For this exercise, repeat exactly the lines below starting at the line holding "TERNENCE Stainless Chastity" and ending at the line holding "Juliette | Robe en Denim Douce", both included, with no extra lines and no pictures.

Start of Supplied information

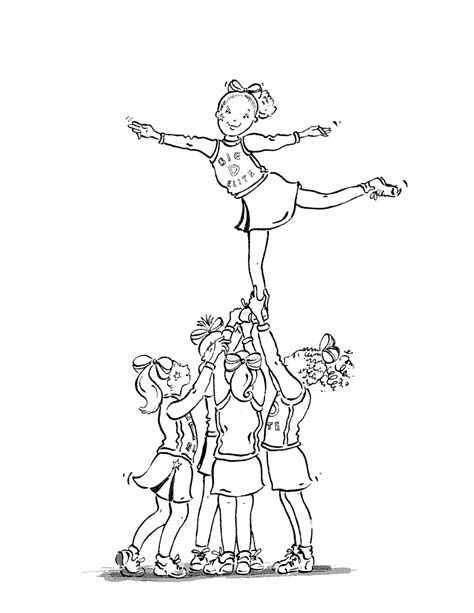 Printable Cheerleading Coloring Pages For Kids Cool2bkids Printable Cheerleader Coloring Pages - Printable Cheerleader Coloring Pages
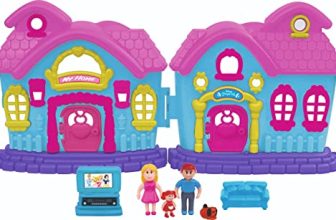 Toyzone Princess Dream House-45823 | Play Set For Girls| Girls Toy|Barbie Doll House|Role Play Set| Doll House With Furniture| Doll House Play Set For Kids
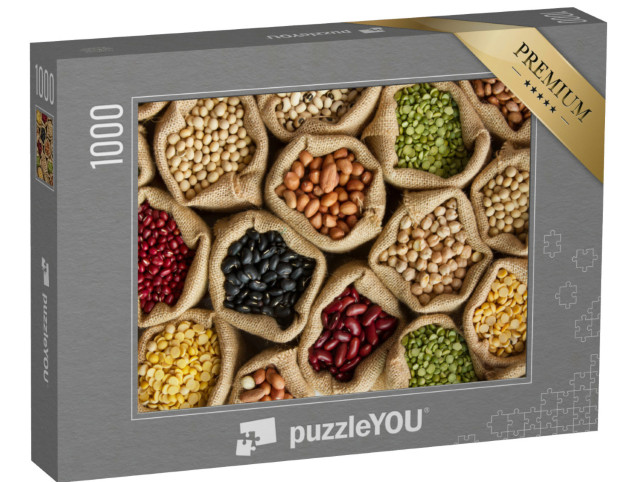 Puzzle 1000 pezzi „Legumi vari colorati in busta“
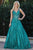 Dancing Queen - 4080 Jewel Strewn Glitter A-Line Dress Prom Dresses XS / Green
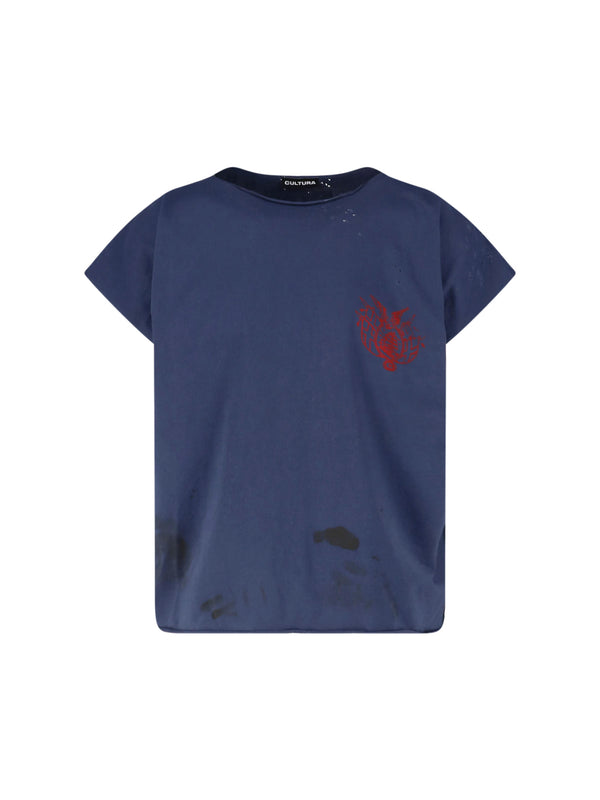 Cultura Cotton t-shirt in navy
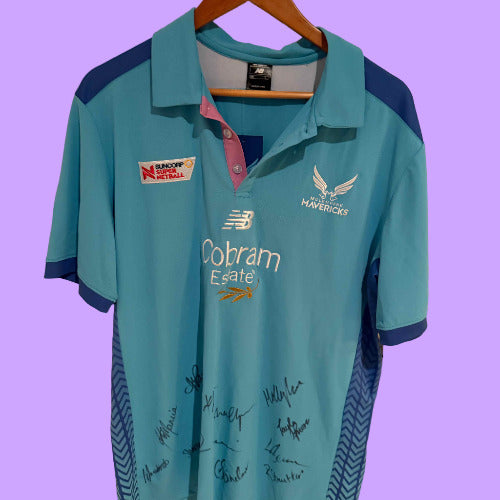 Melbourne Mavericks signed polo shirt
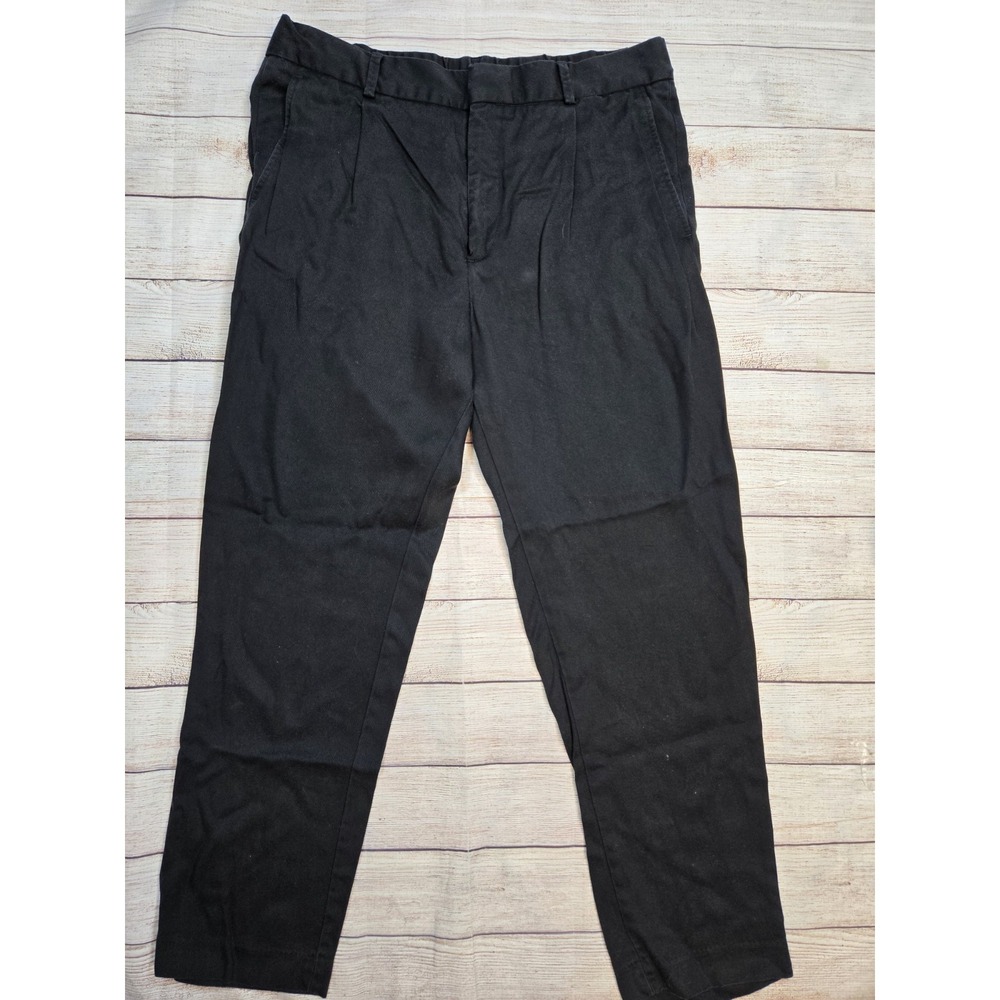 H&M Pants‎ Men's Size 34 Regular Fit Black Pleated Dress Pants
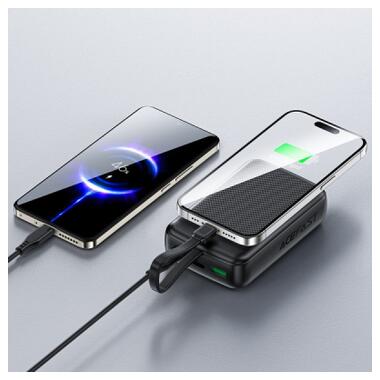 Батарея универсальная Acefast 20000mAh 22,5W PD, QC/3.0 USB-A+USB-C In/Out,build-in cable M14 Black (6974316283966) фото №7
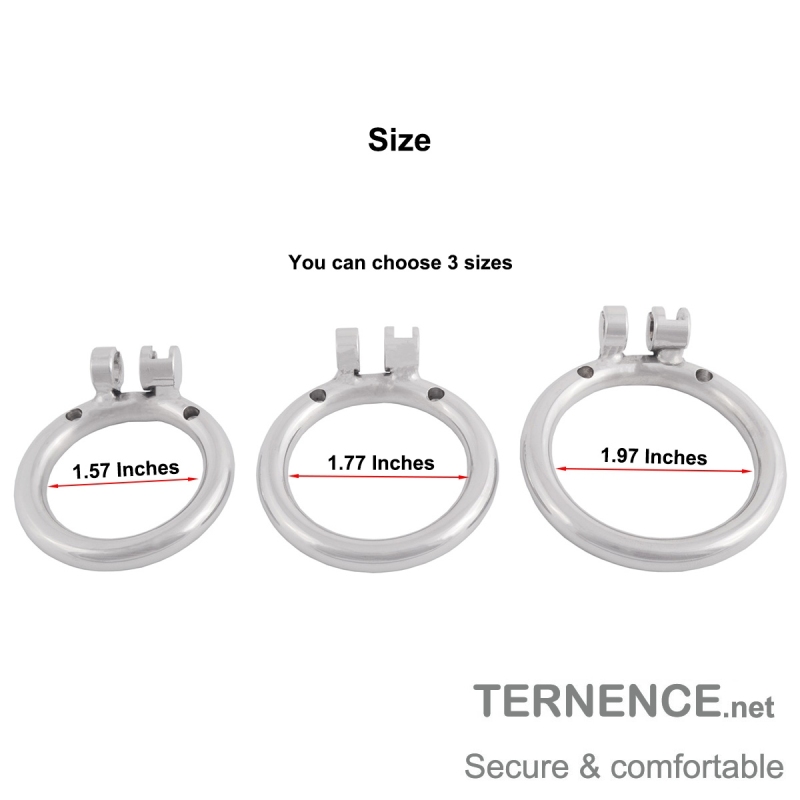 TERNENCE Stainless Chastity Device Base Ring Male Cock Cage Spares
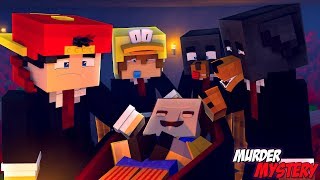 Minecraft MURDER MYSTERY  THE NEIGHBOR IS FINALLY DEAD BUT WHO KILLED HIM [upl. by Nekcarb943]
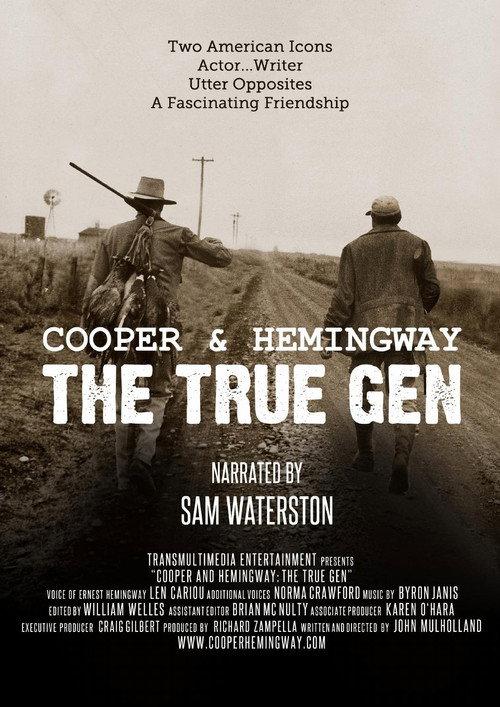 Cooper and Hemingway: The True Gen 2013 official movie poster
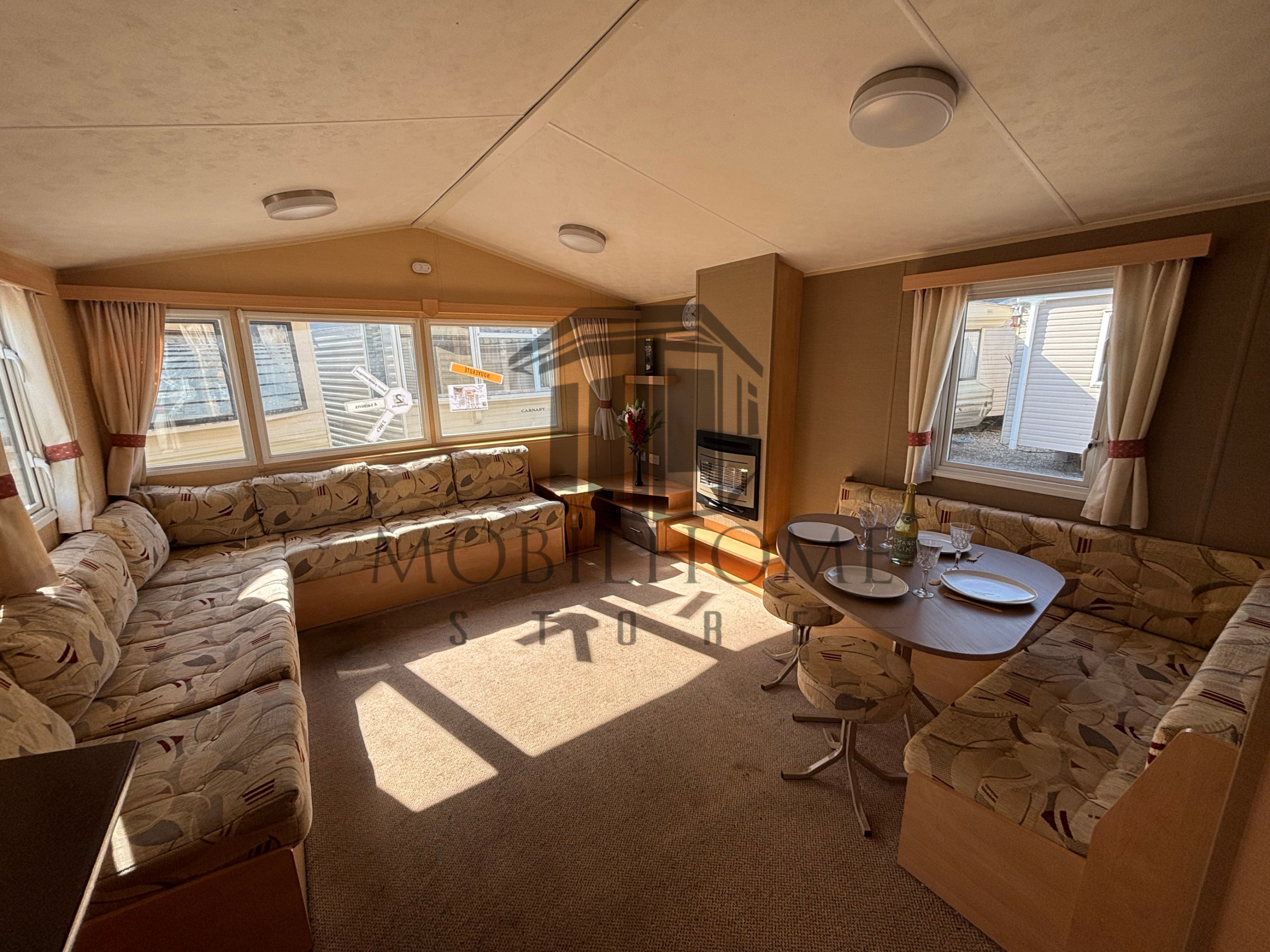 Séjour du mobil-home WILLERBY SALSA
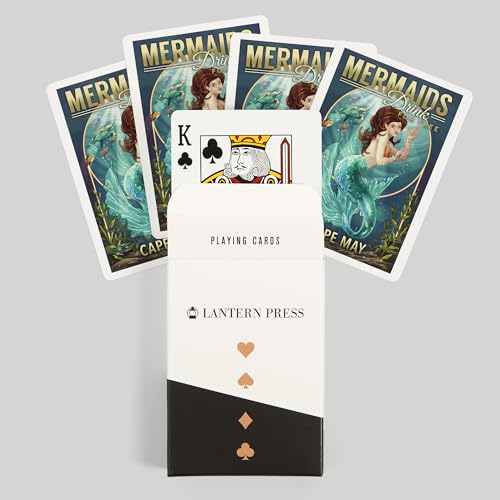 Lantern Press Cape May Naipes de Póker Blue 52 Cartas miniatura 6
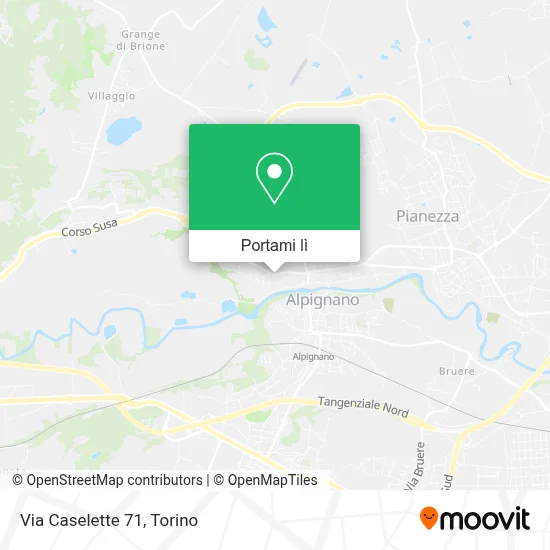 Mappa Via Caselette  71
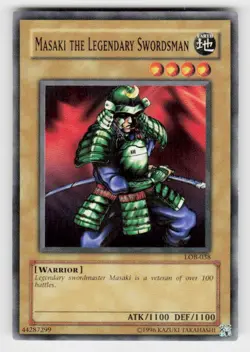 The Legend of Blue Eyes White Dragon #LOB-038 Masaki the Legendary Swordsman - Image 1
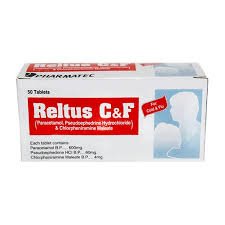 Reltus C&F Tab (Chlorphenamine+Paracetamol+Pseudoephedrine)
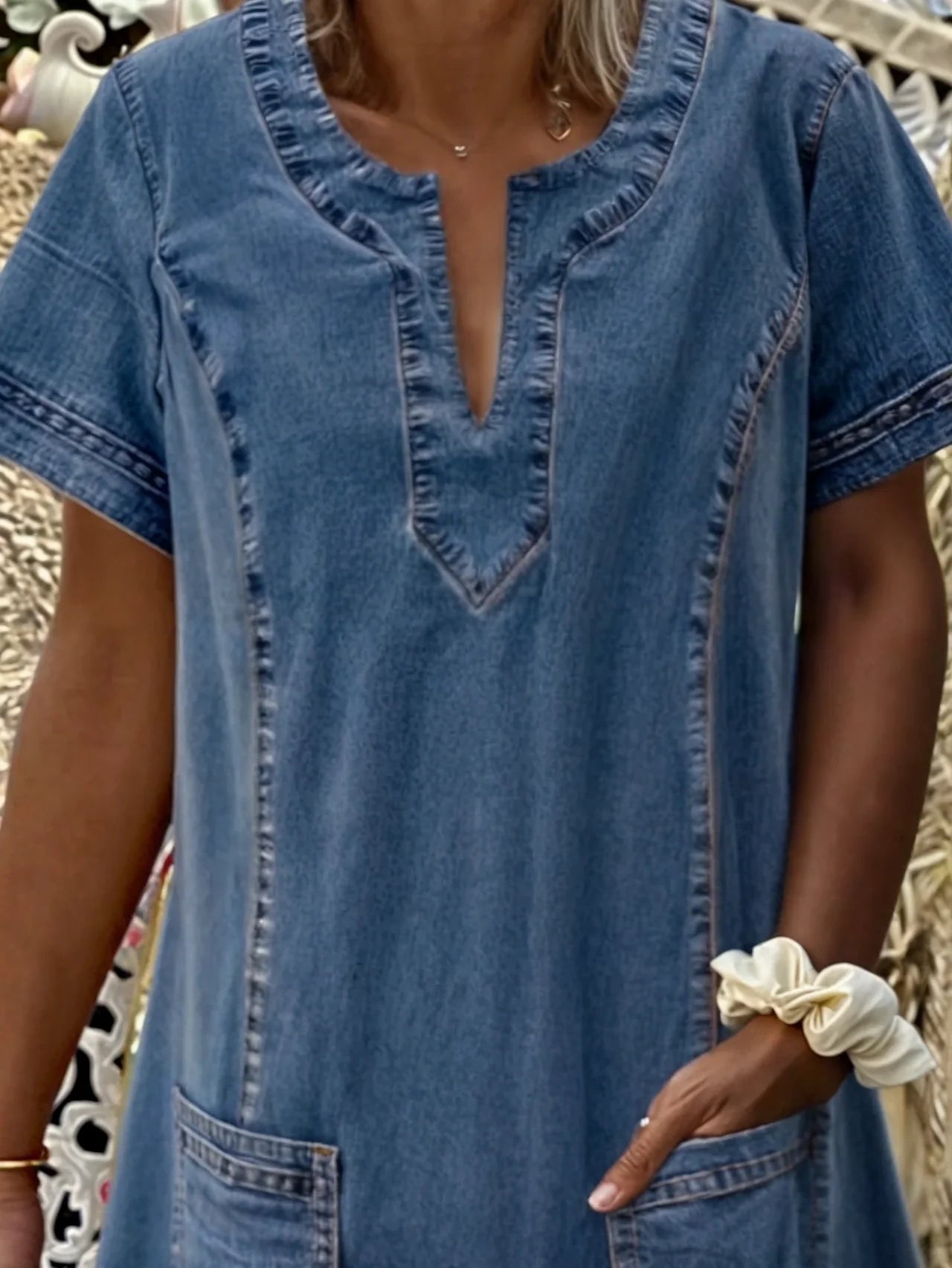 Juliette | Robe en Denim Douce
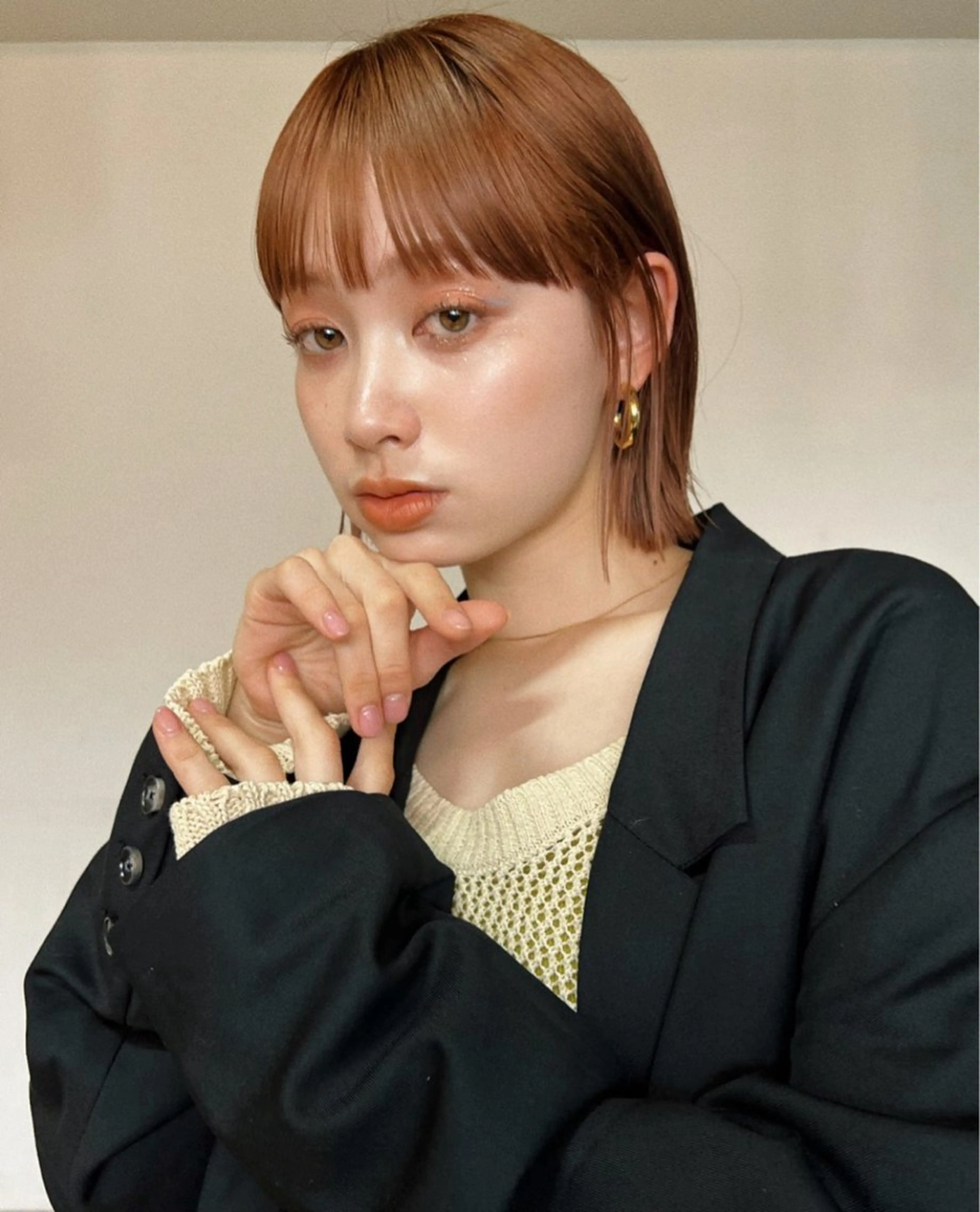 ミディアム ボブ SALOWIN新潟万代店所属・SaKiho 🎀のヘアスタイル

End of Supplied information

● **Output below**:
 TERNENCE Stainless Chastity Device Base Ring Male Cock Cage Spares
 Minecraft MURDER MYSTERY  THE NEIGHBOR IS FINALLY DEAD BUT WHO KILLED HIM [upl. by Nekcarb943]
 Cooper and Hemingway: The True Gen 2013 official movie poster
 Séjour du mobil-home WILLERBY SALSA
 Lantern Press Cape May Naipes de Póker Blue 52 Cartas miniatura 6
 Mappa Via Caselette  71
 The Legend of Blue Eyes White Dragon #LOB-038 Masaki the Legendary Swordsman - Image 1
 Reltus C&F Tab (Chlorphenamine+Paracetamol+Pseudoephedrine)
 Juliette | Robe en Denim Douce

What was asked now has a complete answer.